## How to complete this task
Without any pictures, output the records exactly as they are.

## Data listing
★ ★ ★ ★ ★

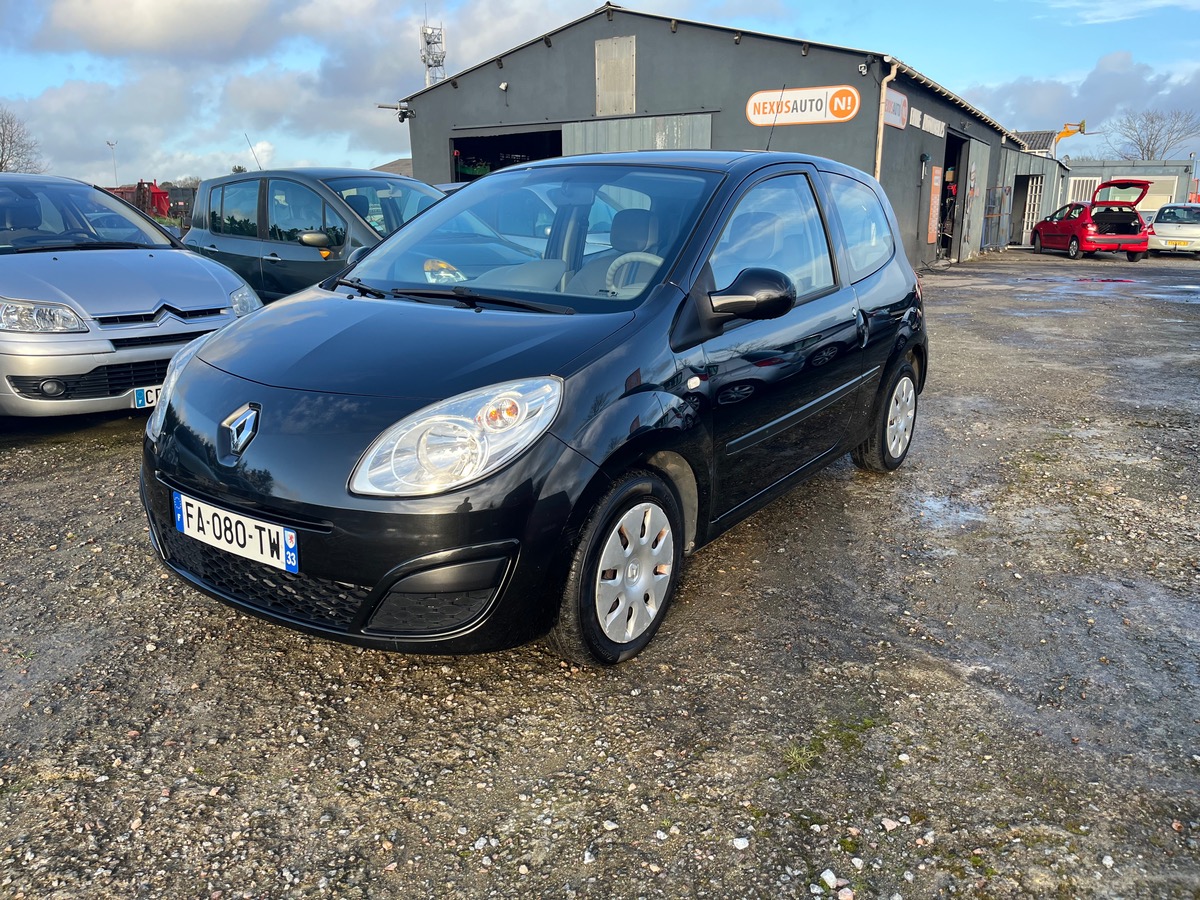 RENAULT Twingo 1.2
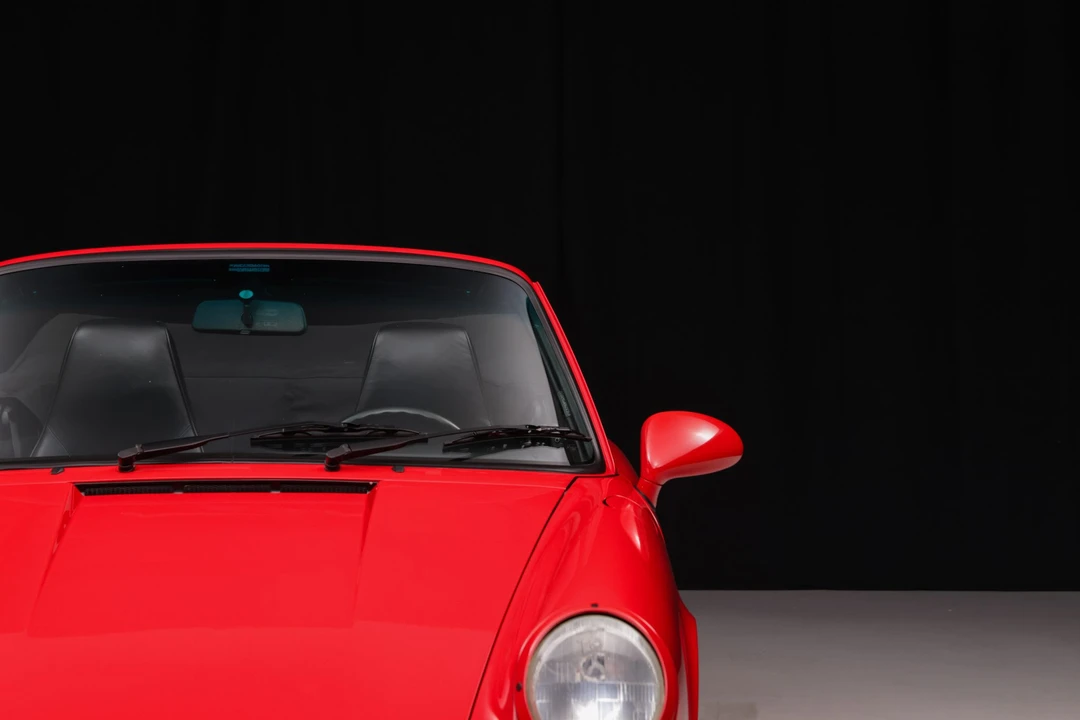 1993 Porsche 964 Carrera - Image 21 of 31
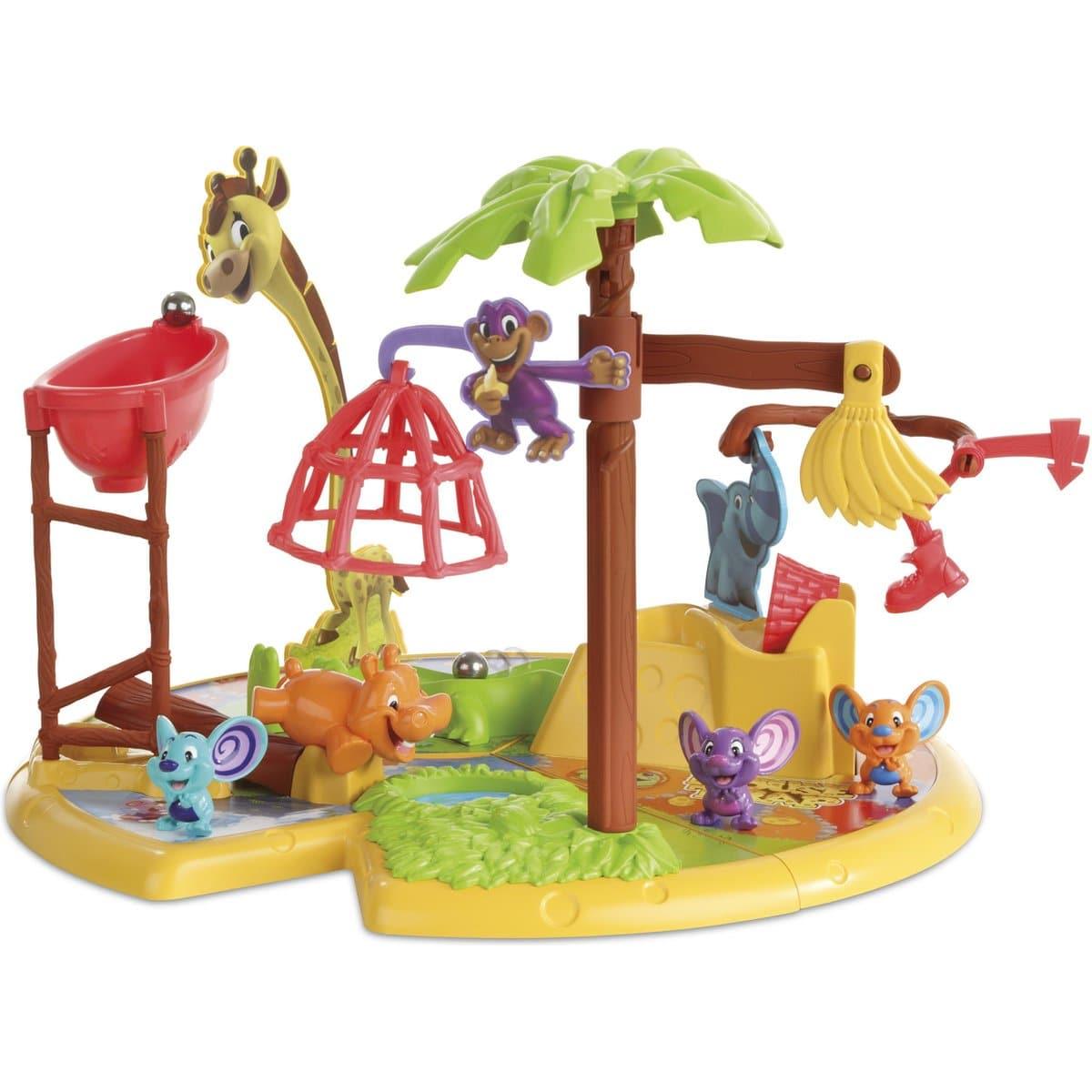 Muizenval, Hasbro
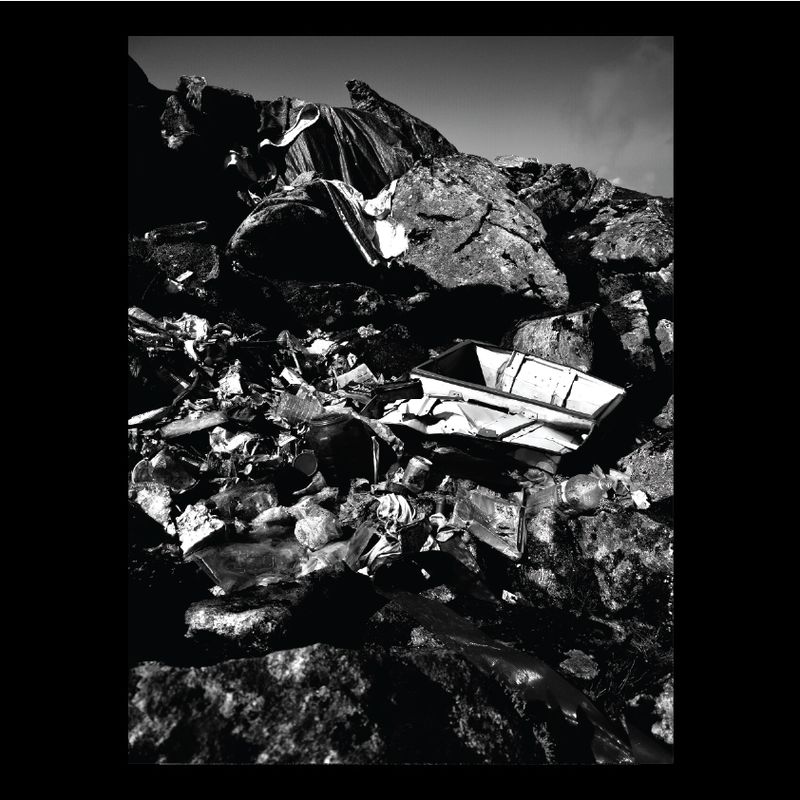 © Harry Oliver - Image from the Sisyphus' Waste photography project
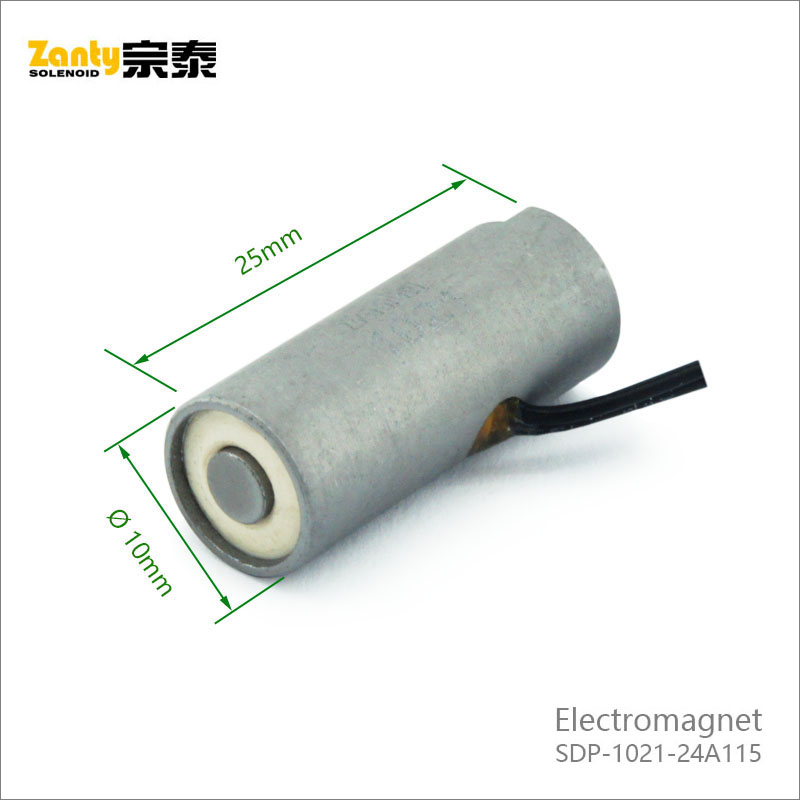 SDP-1021 Electromagnets applied to medical equipment solenoids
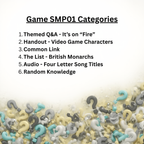 Sample Quizzite Game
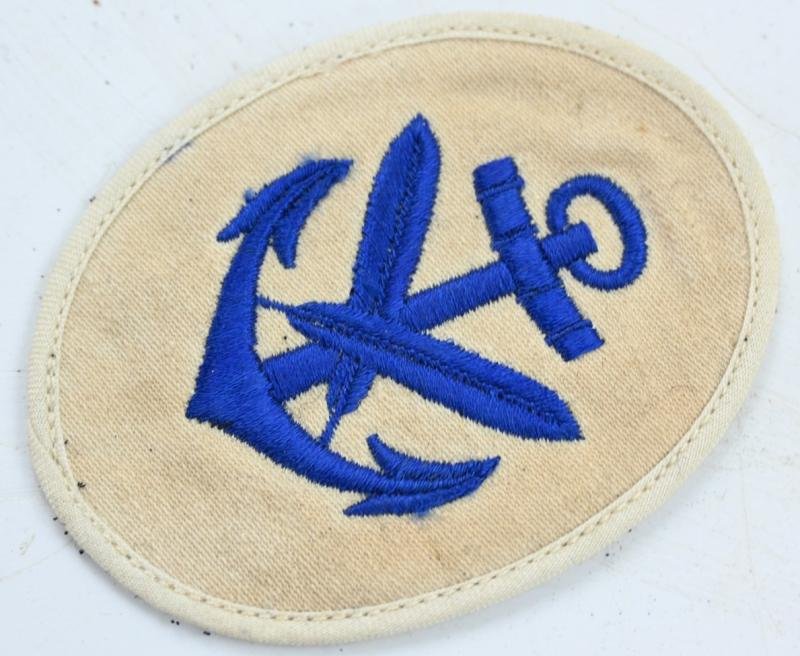 German KM Summer Career Badge 'Schreiber' — image 2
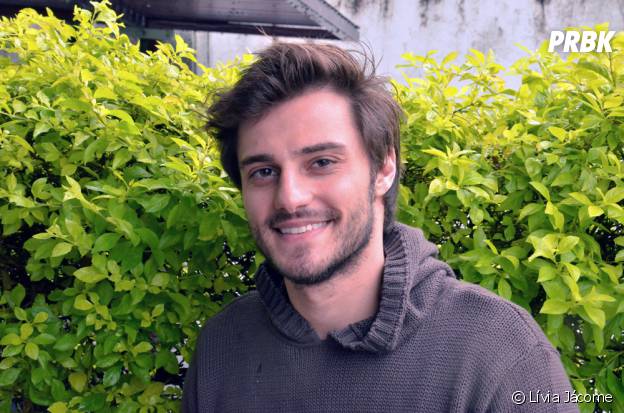 Hugo Bonemer está com o coração partido só de pensar na despedida do elenco de "Malhação"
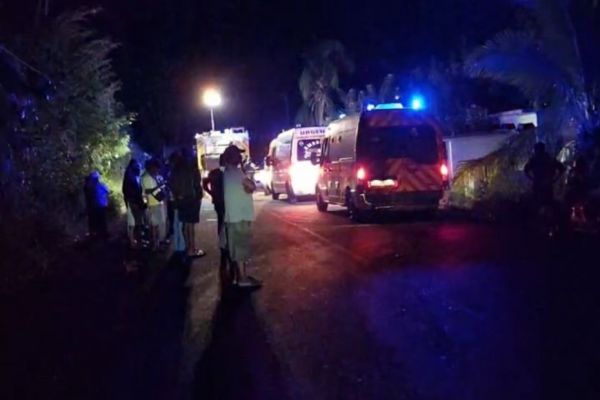 Une jeune femme de 21 ans décède dans un accident à Bouéni, le conducteur en fuite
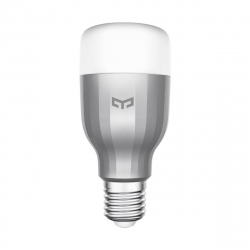 Умная лампочка Xiaomi Yeelight LED Smart Light Bulb Colour E27 (YLDP02YL)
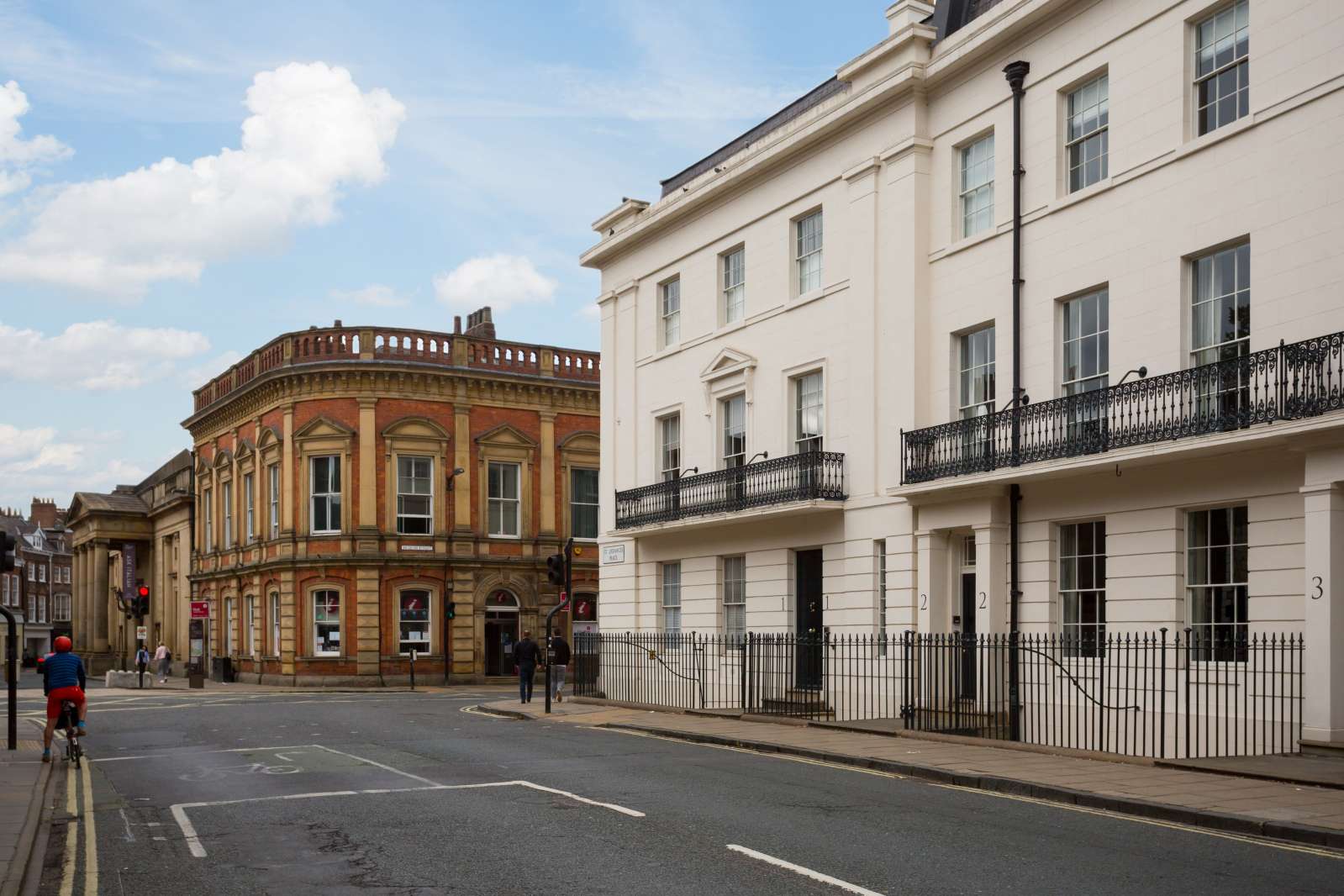 St. Leonards Place, York, North Yorkshire, YO1 7HF Property for sale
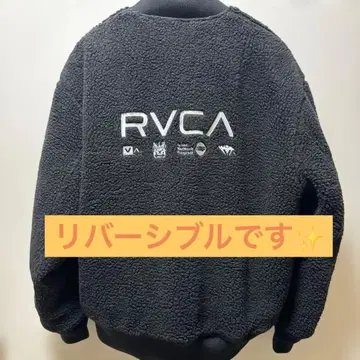 RVCA 자켓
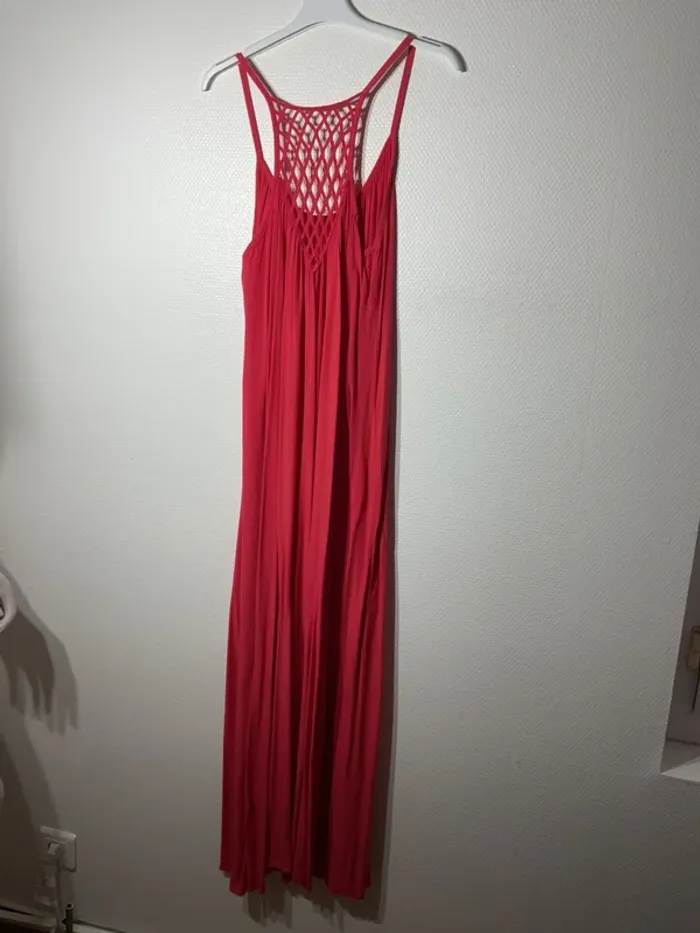 Robe longue femme taille unique (38-46)- new collection - neuve avec étiquette - photo numéro 2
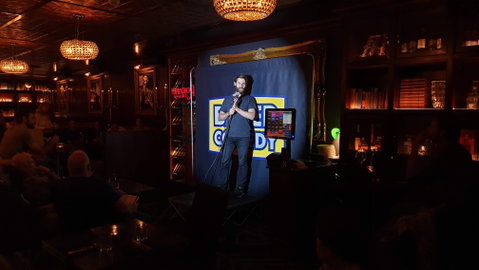Tuesday Night Comedy At The Roosevelt Lounge - Accommodation Sunshine Coast 0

★ ★ ★ ★ ★

## Task result
 RENAULT Twingo 1.2
 1993 Porsche 964 Carrera - Image 21 of 31
 Muizenval, Hasbro
 © Harry Oliver - Image from the Sisyphus' Waste photography project
 SDP-1021 Electromagnets applied to medical equipment solenoids
 Sample Quizzite Game
 German KM Summer Career Badge 'Schreiber' — image 2
 Hugo Bonemer está com o coração partido só de pensar na despedida do elenco de "Malhação"
 Une jeune femme de 21 ans décède dans un accident à Bouéni, le conducteur en fuite
 Умная лампочка Xiaomi Yeelight LED Smart Light Bulb Colour E27 (YLDP02YL)
 St. Leonards Place, York, North Yorkshire, YO1 7HF Property for sale
 RVCA 자켓
 Robe longue femme taille unique (38-46)- new collection - neuve avec étiquette - photo numéro 2
Tuesday Night Comedy At The Roosevelt Lounge - Accommodation Sunshine Coast 0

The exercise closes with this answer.